Sometimes even the best intentions can have serious drawbacks.
The N.C. Board of Community Colleges’ amendment to its “Admission to Colleges” policy may be intended to keep students safe, but the amendment is too vague and, even more importantly, could pose legal challenges for the system.
The amendment, which goes into effect April 1, allows campus officials at North Carolina’s 58 community colleges to deny admission to any applicant that they deem a potential threat to campus security.
The policy states that community colleges can refuse admission to any applicant who poses a “health or safety threat.” What the board considers a “threat” is up for debate.
The policy allows each college campus to determine what constitutes a threat, which could lead to inconsistent or even arbitrary enforcement of the amendment.
Having to provide a detailed rationale for denying admission and even offering an appeals process doesn’t change the fact that students could be denied admission simply because of a benign mental disability.
This amendment could also lead to legal action on the basis of discrimination.

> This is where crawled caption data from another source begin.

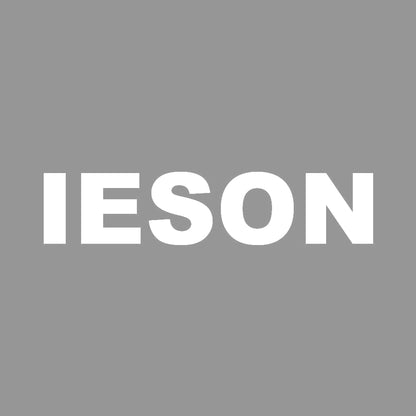 IESON 7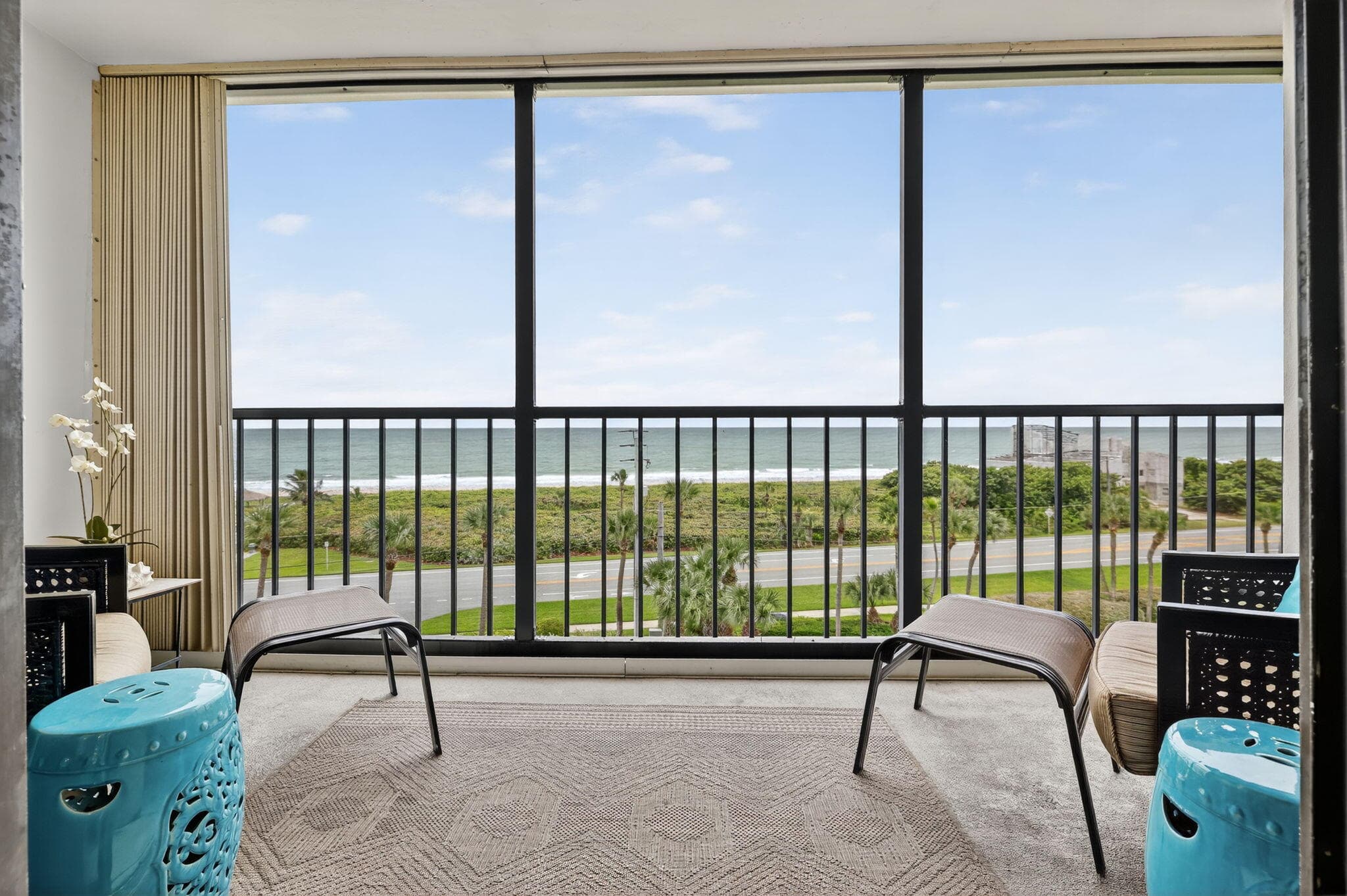5055 N Highway A1a #603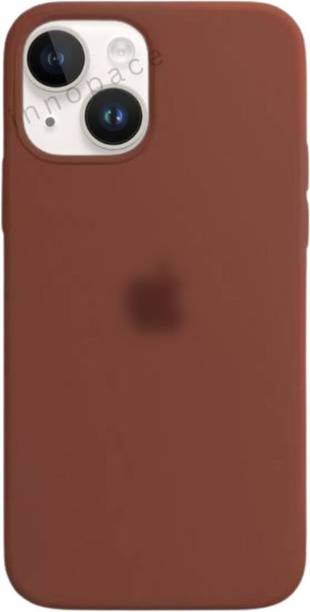 INNOPACE Back Cover for Apple iPhone 13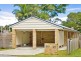 North Lakes QLD 4509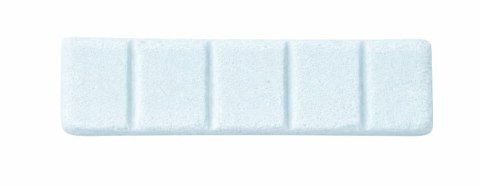 Baton liofilizowany FRUPP Kids jabłko - jagoda bezglutenowy 9g CELIKO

It is dangerously preemptive to label somebody as a threat just by what is written on an application.
Denying an applicant because of a mental disability could also potentially violate federal laws such as the Americans with Disabilities Act, which requires state entities to give people with disabilities equal opportunities to services.
This decision was passed just two weeks after the Jan. 8 shooting in Arizona in which the suspect, Jared Loughner, appears to have been mentally unstable.